The work of three people named Hale—married writing team Shannon and Dean Hale and an unrelated artist named Nathan Hale—Rapunzel’s Revenge updates the Brothers Grimm fairytale to the point that it’s barely recognizable, but, at the same time, doesn’t make it wholly contradictory of it either. This is all the stuff that could have happened around the details we’re familiar with. Maybe.
Twelve-year-old Rapunzel lives in a large villa with her stern mother Gothel and servants and soldiers dressed like extras in a Zorro movie. The closest thing she has to a friend there is one of the guards named Mason, who teaches her rope tricks in his spare time. Rapunzel’s never allowed to leave the villa and, in fact, has never seen the outside world, thanks to a gigantic, impenetrable wall that completely blocks her view.
Eventually she manages to scale it and see the horrible state of the world beyond and, worse still, meet her real mother, who is forced to work in Gothel’s miserable mines, in a desert world under dreary, polluted-looking skies.
See, Gothel is a witch who has mastered “growth magic,” giving her the ability to make things grow or not grow to suit her whims; that makes her the de facto ruler of her world—which seems to be roughly a mid-to-late 18th century version of the American southwest—as everyone must pay her whatever taxes and fealty she demands if they want to be able to ever grow crops or livestock.

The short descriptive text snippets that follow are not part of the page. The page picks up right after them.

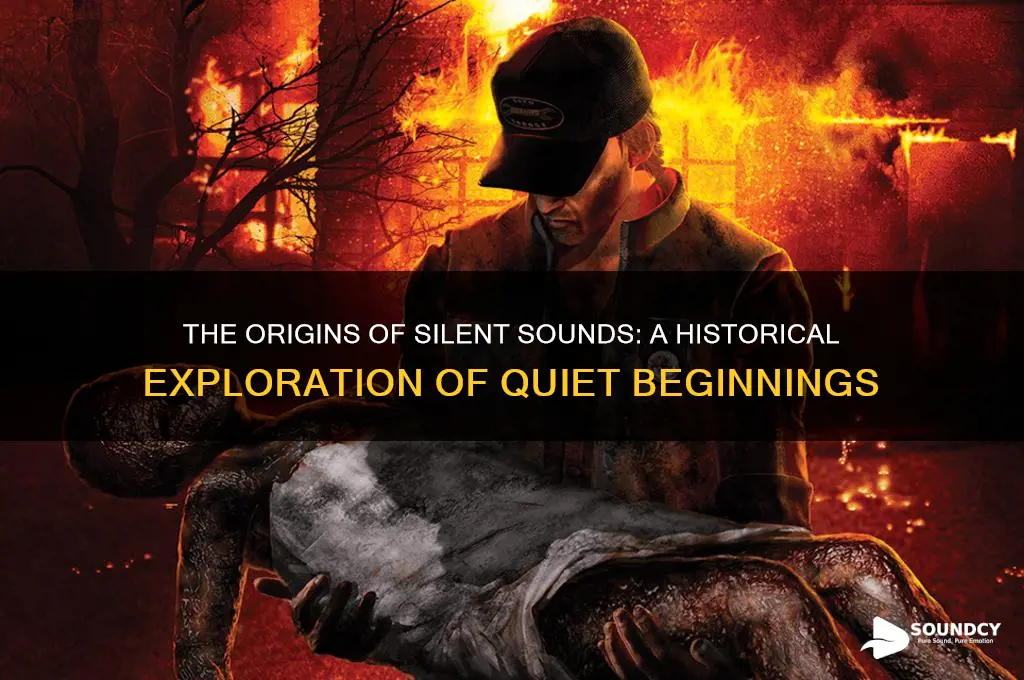 when did silent sounds begin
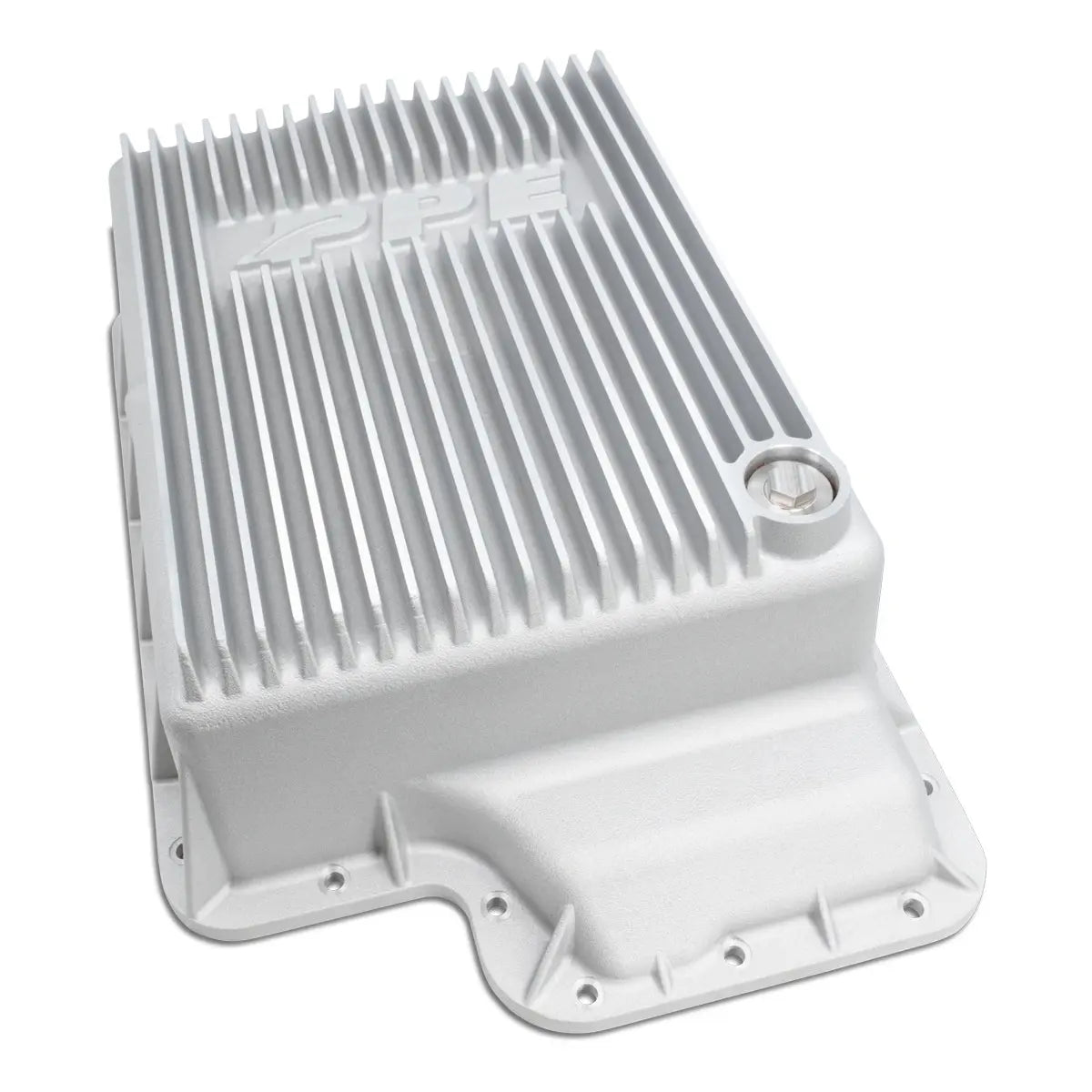 PPE Heavy-Duty Aluminum 5R110 Deep Transmission Pan (2003-2010 6.0L, 6.4L Power Stroke)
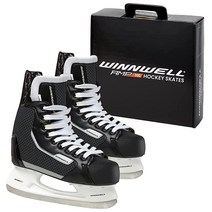 Winnwell AMP300 청소년 아이스하키 스케이트 (청소년 13) [미국 직배송], Youth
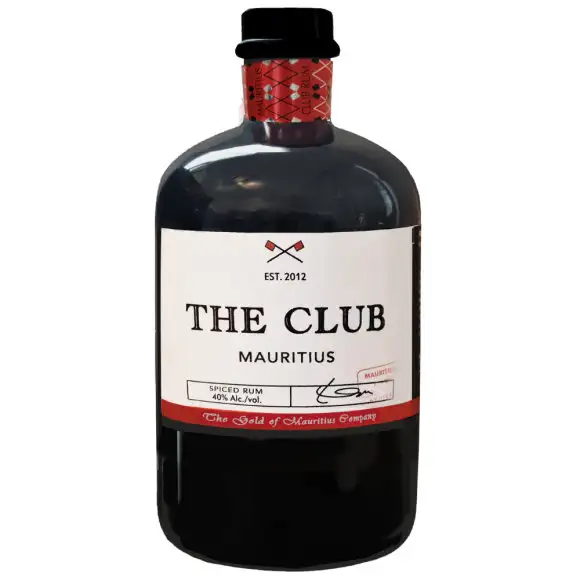 High resolution image of Mauritius Club Dark RUM 2014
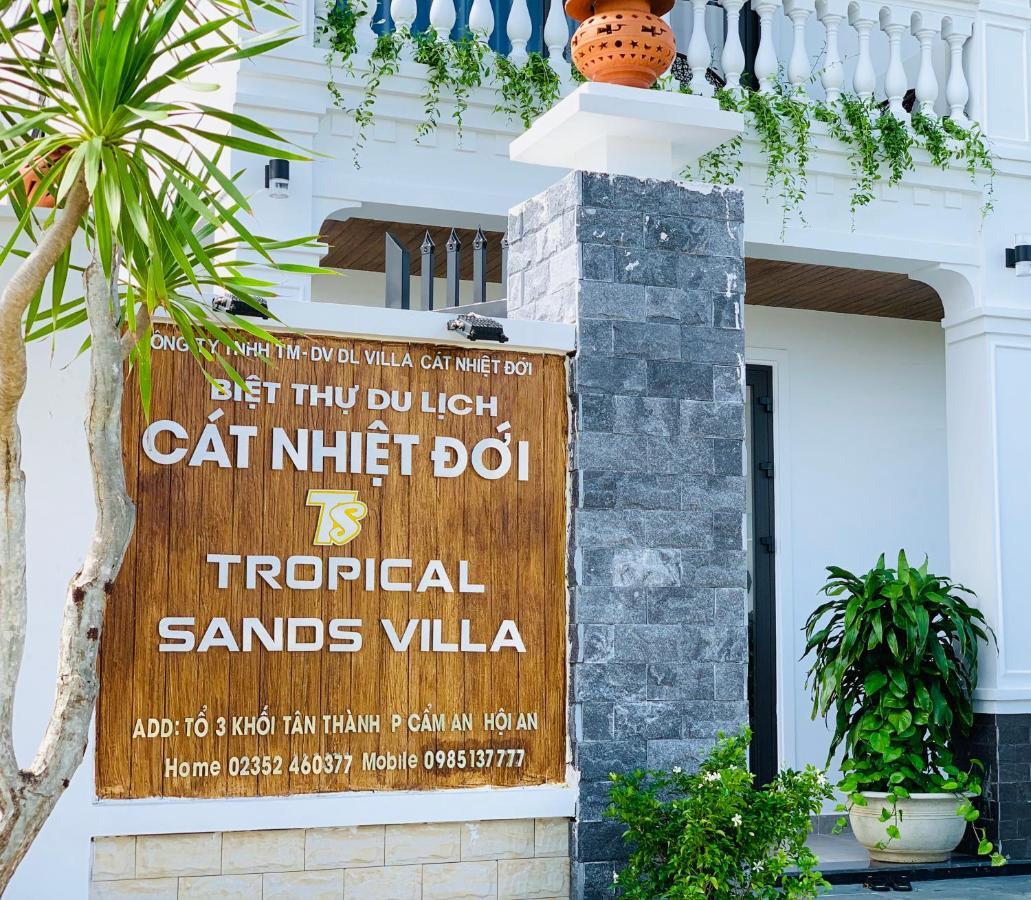 Tropical Sands Villa Hoi An Exterior photo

To punish Rapunzel for her rebellion, Gothel has her taken out deep into the woods and imprisoned in a huge tree tower for years; food magically grows from the tree to keep her fed, and the magic effects her hair, so that it grows at an incredible rate while she’s there. To while away the years, Rapunzel braids her hair into ten-foot long braids, and practices knots and rope tricks with them, until she can use them as lassos or bullwhips, depending on her need.
Finally her hair is long enough that she can begin to rappel down the tower (The prince in this version never manages to climb up). From there the story shifts to an episodic adventure story, as Rapunzel meets a young thief named Jack (apparently of And The Beanstalk fame) and they decide to rescue Rapunzel’s real mother and somehow vanquish her fake mother, whose negative impact on the world they constantly encounter on their journey.
The unnamed land is decidedly western, and yet the Hales eschew any sort of one-to-one adaptation between the original Rapunzel story and a wild west setting; this isn’t really the Grimms’ Rapunzel retold as a western as much as it’s the story of a naïve but heroic teenage girl with battle braids and her clever, occasionally cross-dressing sidekick fighting their way through a fantasy world, encountering wild boars, outlaws, posses, coyotes, a jackalope and a giant water-going snake along the way, with every new threat conquered by a novel application of a really long braid.
Shannon Hale is the author of Princess Academy, River Secrets and other young adult novels I’ve never read, and just plain adult novel Austenland, which I’ve also never read. Whether it’s the influence of her co-writer husband, or simply a strong aptitude for the medium, she’s surprisingly deft at comics scripting for a prose writer, having mastered the dual narratives of the words and pictures and, more importantly, the way they relate. The Hales use that relationship for descriptive effect (“That’s me there,” narrator Rapunzel says in a panel depicting her) and for ironic juxtaposition, as when she explains how she was able to “swing gracefully from my prison…climb down the tree’s branches…and land triumphantly on the forest floor,” while the art shows her crashing awkwardly through tree branches and splash-landing into a heap in a shallow pond.
The target audience here is likely a younger one then 31-year-old male comics geeks, but I found this to be an appealing all-ages adventure story that is actually for all ages. I never felt like I was reading something beneath me, so I imagine kids won’t feel talked down to at all.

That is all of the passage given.